Carol's News and Vues

Welcome! Please take the time to add your own comments so this blog can encourage an exchange of ideas. You can comment anonymously. Since George Bush finally did get elected, we have much to be concerned about in the next four years. I guess that means that this blog will continue.

Sunday, November 07, 2004

A Smelly Situation: This Isn't the Least Bit Funny

The people who cast the votes decide nothing.
The people who count the votes decide everything.
-Joseph Stalin


Friends, the information coming out about the exit polls versus the actual vote tabulations is beginning to look very, very bad. If the allegations turn out to be correct, Kerry actually won in a landslide. You think I'm making this up? No, I wouldn't have questioned the election outcome if it hadn't been for Thom Hartmann and Greg Palast. They are respected, award-winning journalists who have very convincing evidence that this election was stolen.

The FBI has been called into Florida as of Saturday, November 6th. Jeff Fisher, the Democratic candidate for the U. S. House of Representatives from Florida's 16th District has evidence, he says, not only that the Florida election was hacked, but of who hacked it and how. He claims that this was also done by the same people in the Democratic primary race in 2002 so that Jeb Bush would not have to run against Janet Reno, who presented a real threat to Jeb. Fisher says such tactics proved successful in 2002 and were then used last Tuesday in the presidential election. Evidence is accumulating that he is right.

When the county-by-county record of votes cast was compared with the number of people registered to vote (by party affiliation), a woman by the name of Kathy Dopp noticed something startling. In the larger counties in Florida, the registered Democrat/Republican ratios matched the Kerry/Bush vote both in places where the touch-screen voting machines and the optically-scanned paper ballots were used. The problem was that, in Florida's smaller counties, the results from the optically scanned paper ballots- fed into a central tabulator PC and thus vulnerable to hacking- seemed to have been reversed.

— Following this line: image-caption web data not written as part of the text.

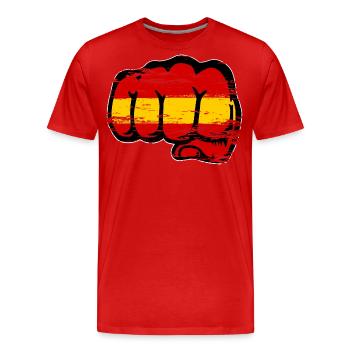Spain Flag Hand Fist Used - Men's Premium Organic T-Shirt - red - Front - Damien (186cm)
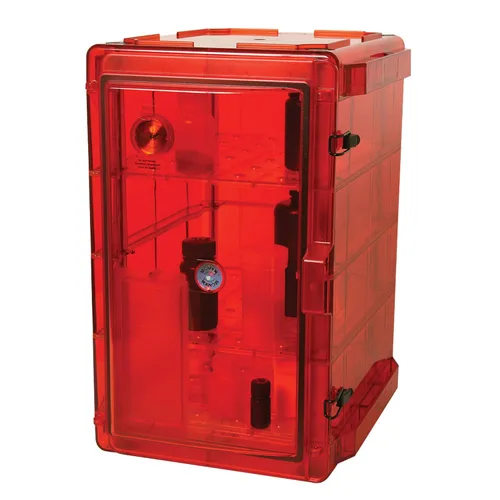 Vista 10 de SP Bel-Art Secador Clear 3.0 Gas-Purge - Armario desecador de purga de gas, 1.55 pies cúbicos ámbar con puertos de gas, diseño de cámara desecante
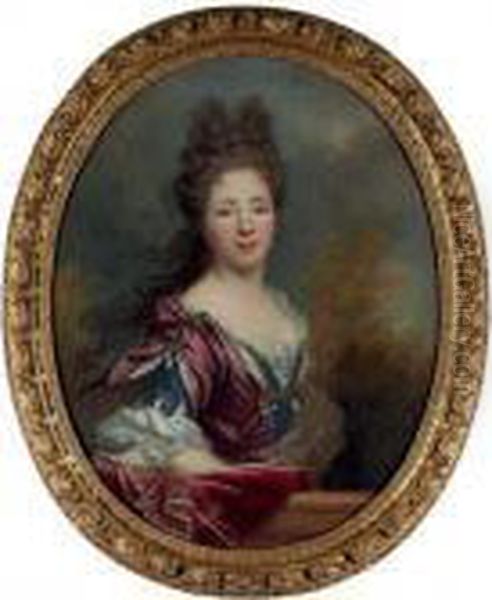 Portrait Of 
Marie-francoise-louise-therese Humbert, Wife Of Pierre Langlois, Maitre 
Des Comptes, Half-length, In A Blue And Violet Dress And Crimson Shawl, 
Behind A Parapet Oil Painting by Nicolas de Largillierre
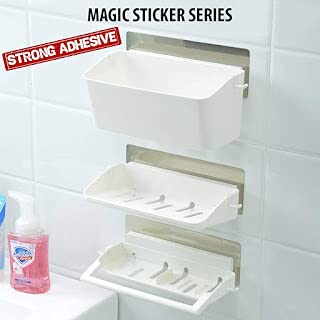 Mishrit Magic Sticker Series Self Adhesive Plastic Wall Mounted 3 Tier Bathroom Storage Organizer Shelves with Towel Rail White - Image 5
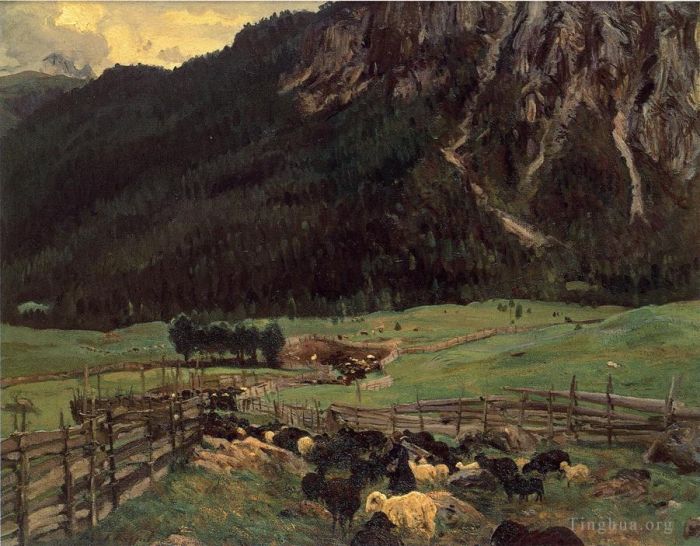 约翰·辛格·萨金特 的油画作品 -  《蒂罗尔州的羊圈》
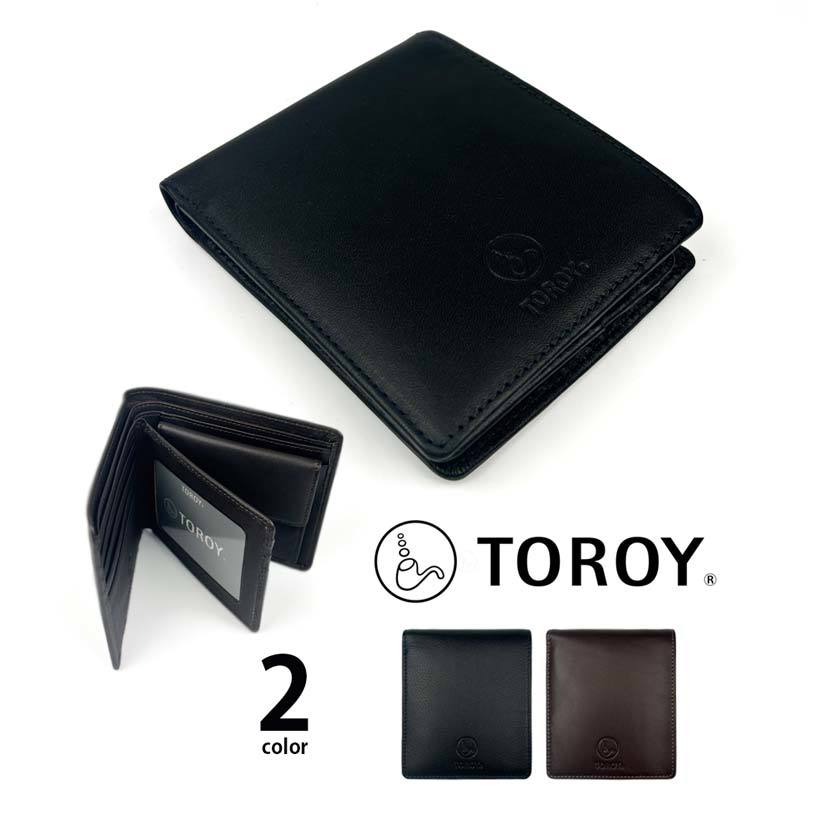 全2色　TOROY トロイ リアルレザー 中ベラ付き 2つ折り 財布 ウォレット パスケース 本革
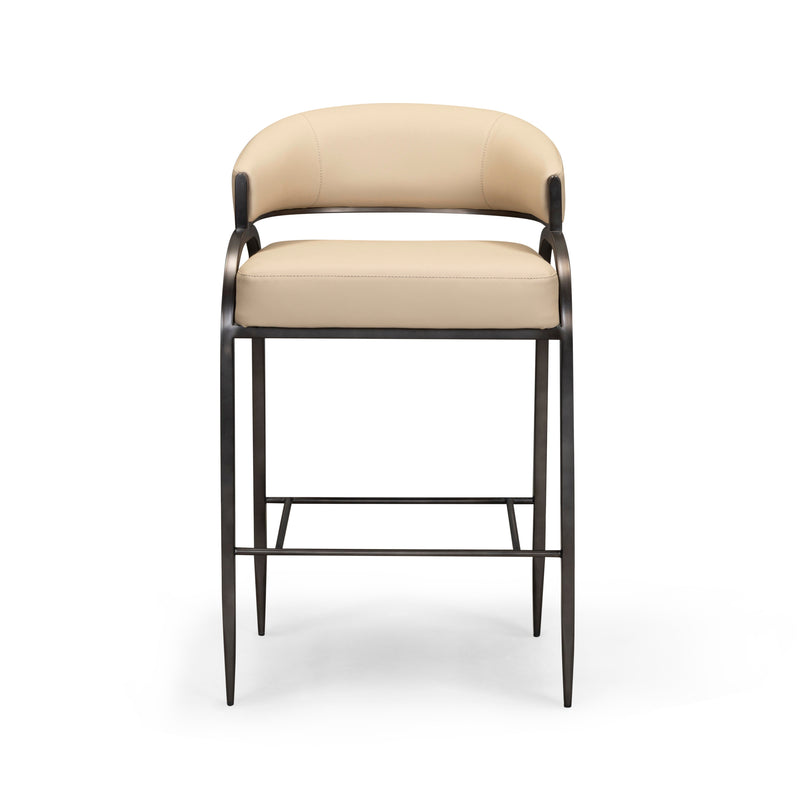 Tatum Performance Vegan Leather Counter Stool - Taupe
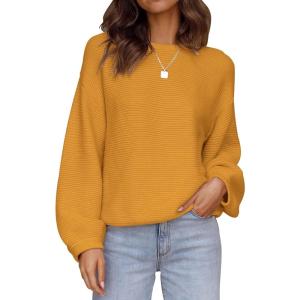 imageZESICA Womens Crew Neck Long Lantern Sleeve Fall 2025 Casual Loose Ribbed Knit Solid Soft Pullover Sweater TopsGinger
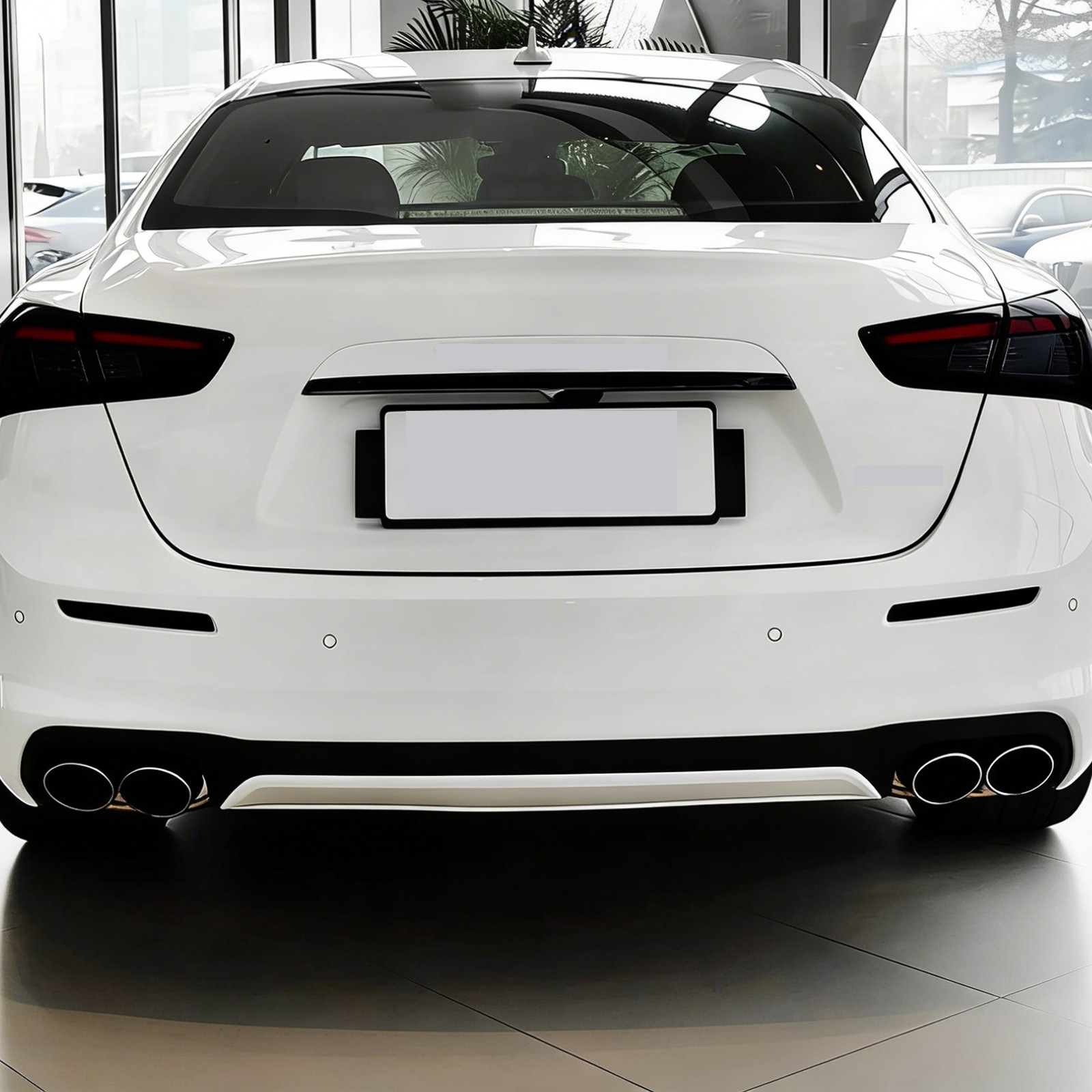 Smoked Black Rear Fog Tail Light Lamp Cover Trim For Maserati Ghibli 18-23 US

Here are two examples from Hartmann's article:
Baker County 12,887 registered voters 69% Dem 24% Rep
Kerry votes 2180 Bush votes 7738

Dixie County 4988 registered voters 77.5% Dem 15% Rep
Kerry votes 1959 Bush votes 4433

Everywhere else in the country registered Democrats largely voted for Kerry. This baffling pattern was repeated over and over again, but only in smaller counties where, it may have been assumed, the small voter numbers wouldn't be as noticeable. In the larger counties, high percentages of registered Democrats equaled high percentages of votes for Kerry.

At some point in the evening on Election Day, Karen Hughes sat George W. Bush down and informed him that he'd lost the election. The exit polls were clear. Kerry was winning in a landslide. Reportedly, "Bush took the news stoically." (AP)

Then magically, the computers reported something different in several pivotal states. A few hours after the exit polls were showing a clear Kerry sweep, as the computerized vote numbers began to come in from the various states, the election was called for Bush.

How could this happen?

It all comes down to something called the central tabulator computer. Regardless of how the votes are tabulated (except for hand counts), the real "counting" is done by computers. No matter what kind of voting machines are used, the final tally in all cases is sent to a central tabulator machine. This machine is a Windows-based PC. So all the different polling places in a given county feed into the one machine so it can add up all the votes. If you decided to do something you shouldn't do to a voting machine, it would make sense to do it at this point rather than to change thousands of machines.

Bev Harris, the Seattle grandmother who started www.blackboxvoting.org from her living room, explains that anyone who can hack into a PC can hack into a central tabulator. Harris found that, while you can't tamper with the software, for example, on a Diebold machine, you can get to the Election Summary Report quite easily, and you can change the numbers in a matter of seconds.

It is Sunday night. Will this news come out in the coming week? What can be done? Could election fraud change the result at this point? Probably not. However, most two-term presidents encounter serious trouble in the second term. Will this be the start of Bush's very miserable second and last term as president? If his people did steal the election, what will be his legacy?